Catalan architect Adrian Elizalde has recently refurbished this apartment in Barcelona’s central Eixample district. Originally, the apartment presented a decayed and dark image due to the excessive subdivided rooms. The patio is very narrow and it scarcely receives light. Except for the two rooms next to the main facade, the apartment was barely illuminated by natural light.
The main objective has been to achieve the maximum use of natural light in the apartment. Elizalde simplified the distribution to obtain large and opened spaces that multiplied light. The outcome is a linear succession of three big spaces of different proportions associated with the structure of load-bearing walls. Each space has a specific use with its own identity (living room/kitchen-dining room/bedroom) and the openings between them allow them greater freedom of relationship.
The only partitions that are not demolished are those in the hallway, which generate the servant spaces for the apartment annexed to the patio. They are located between the day spaces and the night space in order to give more privacy.
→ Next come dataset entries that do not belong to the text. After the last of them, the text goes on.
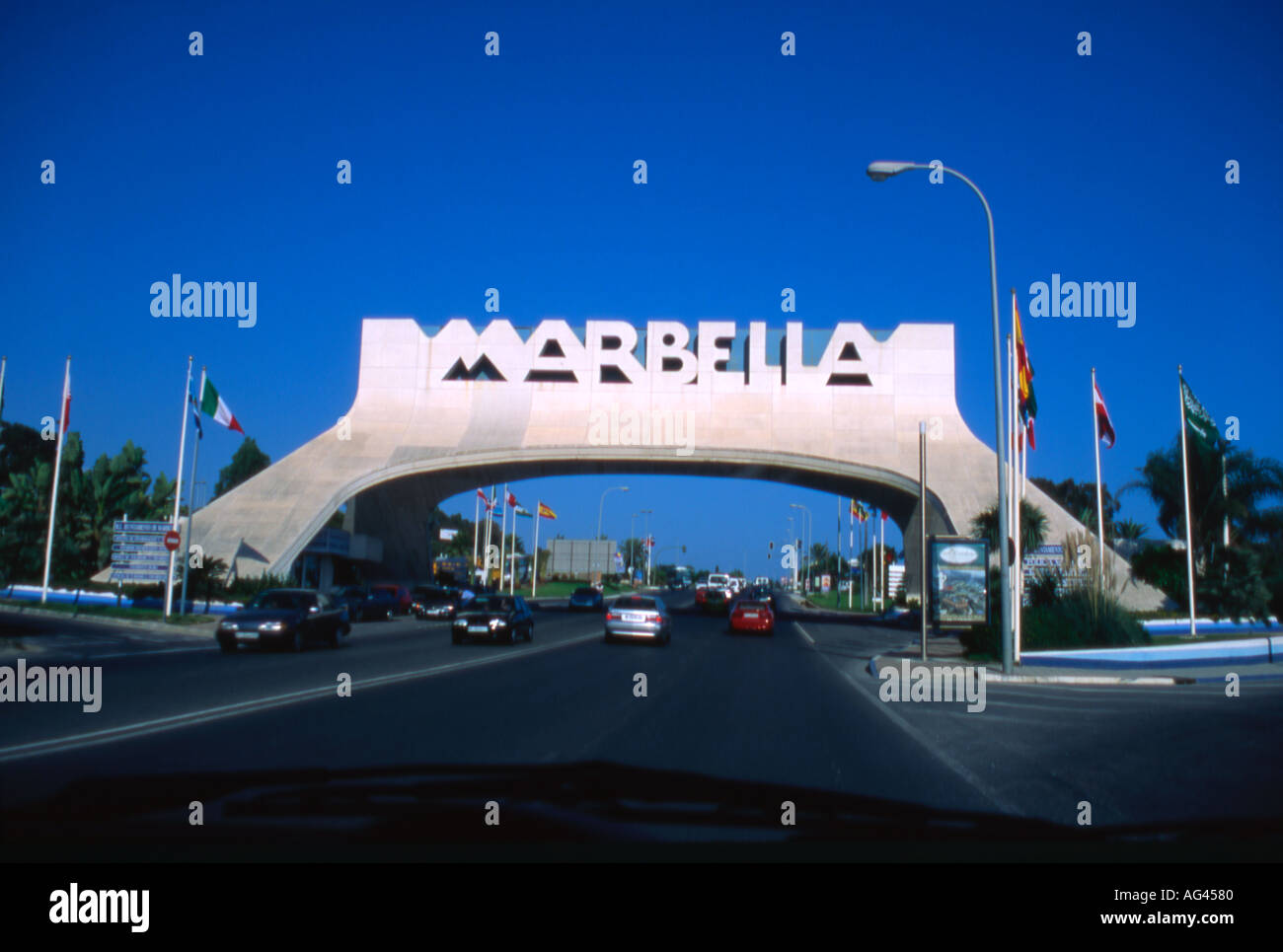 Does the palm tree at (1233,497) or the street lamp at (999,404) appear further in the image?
the palm tree at (1233,497)

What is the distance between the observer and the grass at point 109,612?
31016mm

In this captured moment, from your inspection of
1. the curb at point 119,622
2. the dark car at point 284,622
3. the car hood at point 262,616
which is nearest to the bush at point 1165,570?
the dark car at point 284,622

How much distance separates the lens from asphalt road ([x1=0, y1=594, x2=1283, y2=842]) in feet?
26.7

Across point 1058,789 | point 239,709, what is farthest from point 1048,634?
point 239,709

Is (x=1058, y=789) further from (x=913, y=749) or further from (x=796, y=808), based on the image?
(x=796, y=808)

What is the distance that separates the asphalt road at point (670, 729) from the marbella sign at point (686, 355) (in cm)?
3116

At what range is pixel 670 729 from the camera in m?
11.7

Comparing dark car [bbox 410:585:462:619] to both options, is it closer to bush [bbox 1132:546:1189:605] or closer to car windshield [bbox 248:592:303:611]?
car windshield [bbox 248:592:303:611]

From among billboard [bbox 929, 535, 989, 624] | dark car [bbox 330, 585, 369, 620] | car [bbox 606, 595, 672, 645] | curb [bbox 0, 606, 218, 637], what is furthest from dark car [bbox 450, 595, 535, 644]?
dark car [bbox 330, 585, 369, 620]

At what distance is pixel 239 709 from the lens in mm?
11797

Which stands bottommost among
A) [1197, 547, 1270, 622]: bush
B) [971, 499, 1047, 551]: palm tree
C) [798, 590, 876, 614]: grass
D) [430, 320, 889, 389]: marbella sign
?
[798, 590, 876, 614]: grass

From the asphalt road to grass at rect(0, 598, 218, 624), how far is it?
991cm

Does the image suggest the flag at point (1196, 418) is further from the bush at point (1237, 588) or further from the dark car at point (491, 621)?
the dark car at point (491, 621)

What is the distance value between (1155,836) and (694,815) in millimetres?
2469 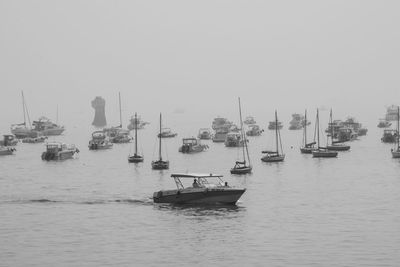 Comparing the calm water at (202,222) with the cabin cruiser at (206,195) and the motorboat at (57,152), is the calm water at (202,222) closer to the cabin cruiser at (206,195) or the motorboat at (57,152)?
the cabin cruiser at (206,195)

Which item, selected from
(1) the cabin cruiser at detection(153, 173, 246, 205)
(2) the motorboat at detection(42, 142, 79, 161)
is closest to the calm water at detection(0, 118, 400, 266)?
(1) the cabin cruiser at detection(153, 173, 246, 205)

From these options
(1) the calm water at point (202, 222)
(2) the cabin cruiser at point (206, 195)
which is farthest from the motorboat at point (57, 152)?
(2) the cabin cruiser at point (206, 195)

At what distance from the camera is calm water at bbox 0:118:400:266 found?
69125 millimetres

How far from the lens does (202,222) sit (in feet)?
276

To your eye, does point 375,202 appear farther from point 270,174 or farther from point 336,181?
point 270,174

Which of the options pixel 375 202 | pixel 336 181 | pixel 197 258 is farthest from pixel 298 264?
pixel 336 181

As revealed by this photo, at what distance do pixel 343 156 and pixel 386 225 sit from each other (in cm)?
9510

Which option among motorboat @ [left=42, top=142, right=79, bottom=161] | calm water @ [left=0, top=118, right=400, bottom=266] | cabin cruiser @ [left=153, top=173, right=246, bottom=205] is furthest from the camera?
motorboat @ [left=42, top=142, right=79, bottom=161]

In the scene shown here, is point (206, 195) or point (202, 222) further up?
point (206, 195)

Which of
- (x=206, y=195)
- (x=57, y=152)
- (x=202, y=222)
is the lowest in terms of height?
(x=202, y=222)

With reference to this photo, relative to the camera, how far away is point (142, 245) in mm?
73812

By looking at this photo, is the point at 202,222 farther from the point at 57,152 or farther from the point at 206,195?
the point at 57,152

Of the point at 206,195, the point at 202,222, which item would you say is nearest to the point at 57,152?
the point at 206,195

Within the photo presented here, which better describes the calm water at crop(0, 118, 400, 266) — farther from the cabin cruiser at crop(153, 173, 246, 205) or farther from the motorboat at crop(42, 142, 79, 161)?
the motorboat at crop(42, 142, 79, 161) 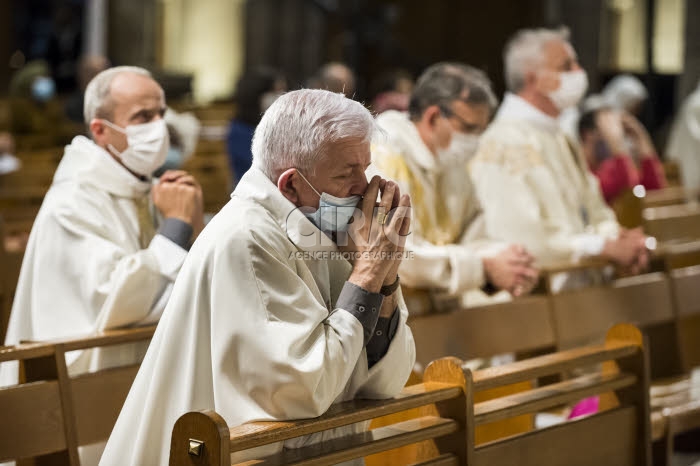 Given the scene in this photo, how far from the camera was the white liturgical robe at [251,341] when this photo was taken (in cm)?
250

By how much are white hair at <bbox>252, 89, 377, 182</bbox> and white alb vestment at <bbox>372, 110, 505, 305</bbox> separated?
5.39 feet

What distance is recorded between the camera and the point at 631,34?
513 inches

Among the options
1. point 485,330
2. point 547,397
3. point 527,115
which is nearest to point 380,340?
point 547,397

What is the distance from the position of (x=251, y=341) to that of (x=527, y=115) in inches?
148

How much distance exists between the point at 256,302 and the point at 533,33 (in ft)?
12.8

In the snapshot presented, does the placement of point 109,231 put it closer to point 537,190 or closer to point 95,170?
point 95,170

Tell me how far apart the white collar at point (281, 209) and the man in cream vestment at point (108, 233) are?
1049 mm

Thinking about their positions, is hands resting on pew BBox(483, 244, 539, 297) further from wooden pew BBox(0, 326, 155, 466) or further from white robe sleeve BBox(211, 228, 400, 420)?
white robe sleeve BBox(211, 228, 400, 420)

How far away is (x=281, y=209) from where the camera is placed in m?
2.65

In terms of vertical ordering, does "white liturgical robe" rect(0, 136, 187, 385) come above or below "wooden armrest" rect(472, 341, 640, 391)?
above

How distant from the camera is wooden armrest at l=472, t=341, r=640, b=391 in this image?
304cm

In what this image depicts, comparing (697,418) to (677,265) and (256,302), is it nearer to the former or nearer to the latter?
(677,265)

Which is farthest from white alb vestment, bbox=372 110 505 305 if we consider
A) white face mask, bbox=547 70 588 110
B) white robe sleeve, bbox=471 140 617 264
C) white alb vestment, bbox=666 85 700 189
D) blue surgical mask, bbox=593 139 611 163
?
white alb vestment, bbox=666 85 700 189

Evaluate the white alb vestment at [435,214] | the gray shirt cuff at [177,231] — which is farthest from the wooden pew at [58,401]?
the white alb vestment at [435,214]
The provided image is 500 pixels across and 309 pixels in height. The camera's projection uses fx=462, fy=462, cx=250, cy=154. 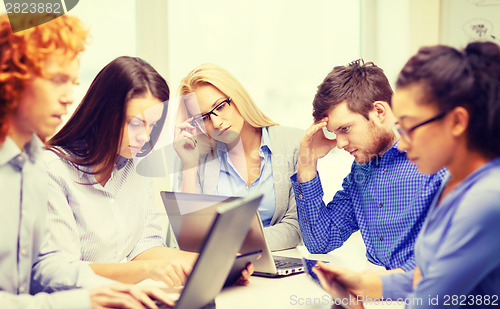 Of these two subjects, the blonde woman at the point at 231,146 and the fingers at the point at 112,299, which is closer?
the fingers at the point at 112,299

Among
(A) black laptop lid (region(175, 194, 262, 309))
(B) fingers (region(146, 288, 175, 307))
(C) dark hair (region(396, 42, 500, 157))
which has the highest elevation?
(C) dark hair (region(396, 42, 500, 157))

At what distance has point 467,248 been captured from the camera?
85 centimetres

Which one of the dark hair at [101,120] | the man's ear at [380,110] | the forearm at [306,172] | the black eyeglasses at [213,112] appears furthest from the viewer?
the black eyeglasses at [213,112]

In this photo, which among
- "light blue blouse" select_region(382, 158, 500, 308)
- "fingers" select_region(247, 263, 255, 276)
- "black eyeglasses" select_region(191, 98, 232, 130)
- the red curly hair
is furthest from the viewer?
"black eyeglasses" select_region(191, 98, 232, 130)

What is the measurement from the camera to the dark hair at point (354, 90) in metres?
1.74

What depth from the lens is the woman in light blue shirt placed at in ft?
2.79

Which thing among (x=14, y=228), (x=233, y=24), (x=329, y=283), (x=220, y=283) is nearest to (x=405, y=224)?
(x=329, y=283)


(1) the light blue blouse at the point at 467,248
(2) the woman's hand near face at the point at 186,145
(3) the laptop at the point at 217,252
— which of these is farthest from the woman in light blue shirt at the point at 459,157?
(2) the woman's hand near face at the point at 186,145

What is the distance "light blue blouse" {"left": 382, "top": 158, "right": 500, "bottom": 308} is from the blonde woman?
3.65 feet

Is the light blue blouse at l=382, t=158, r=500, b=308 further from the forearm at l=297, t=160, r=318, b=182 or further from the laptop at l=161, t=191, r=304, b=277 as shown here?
the forearm at l=297, t=160, r=318, b=182

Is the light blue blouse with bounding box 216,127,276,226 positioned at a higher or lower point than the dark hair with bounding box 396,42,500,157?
lower

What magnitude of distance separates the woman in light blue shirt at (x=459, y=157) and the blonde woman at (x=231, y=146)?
3.67 feet

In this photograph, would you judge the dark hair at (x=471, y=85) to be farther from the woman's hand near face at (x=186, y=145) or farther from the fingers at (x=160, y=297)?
the woman's hand near face at (x=186, y=145)

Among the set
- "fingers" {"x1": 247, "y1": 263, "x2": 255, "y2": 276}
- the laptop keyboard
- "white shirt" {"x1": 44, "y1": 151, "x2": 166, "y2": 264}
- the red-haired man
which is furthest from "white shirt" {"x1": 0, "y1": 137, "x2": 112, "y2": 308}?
the laptop keyboard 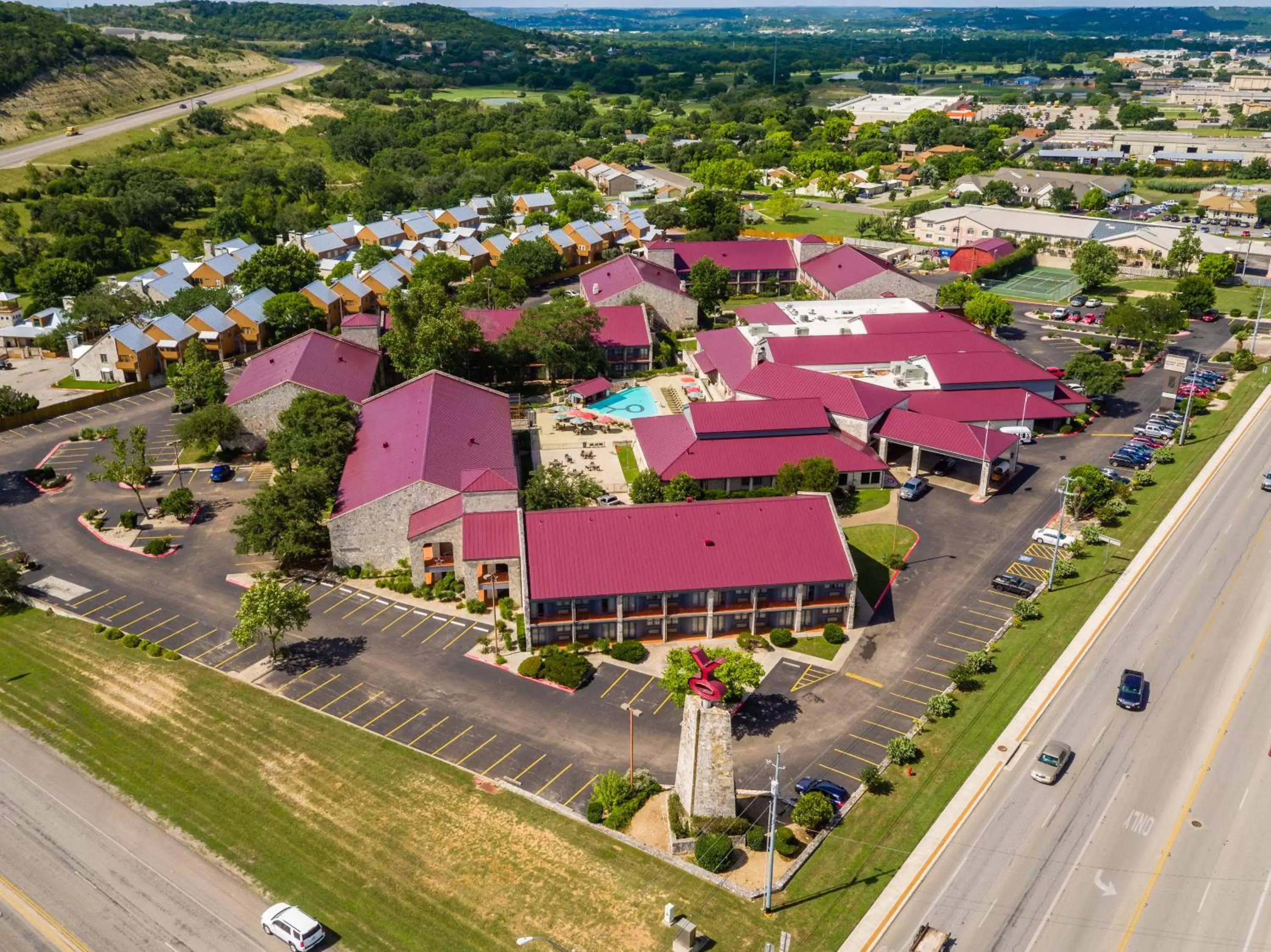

The structures of the building are load-bearing walls parallel to the façade with few openings that darkened the rest of the apartment. The design team realized a big opening in one of the intermediate bearing walls taking advantage of two existing doors, in order to improve light and spatial flow.
The old joineries, ceiling mouldings and traditional elements found in the apartment have been restored. At the same time the new materials such as the metallic beams used for the openings of the walls are exposed to emphasize the previous distribution. Both, traditional and technical materials are painted in white, which improved natural light and gave the apartment an homogeneous and timeless atmosphere.
The natural wooden oak floor introduces texture and warmth, acting as a continuous carpet that unifies the spaces and punctually rises to build the furniture.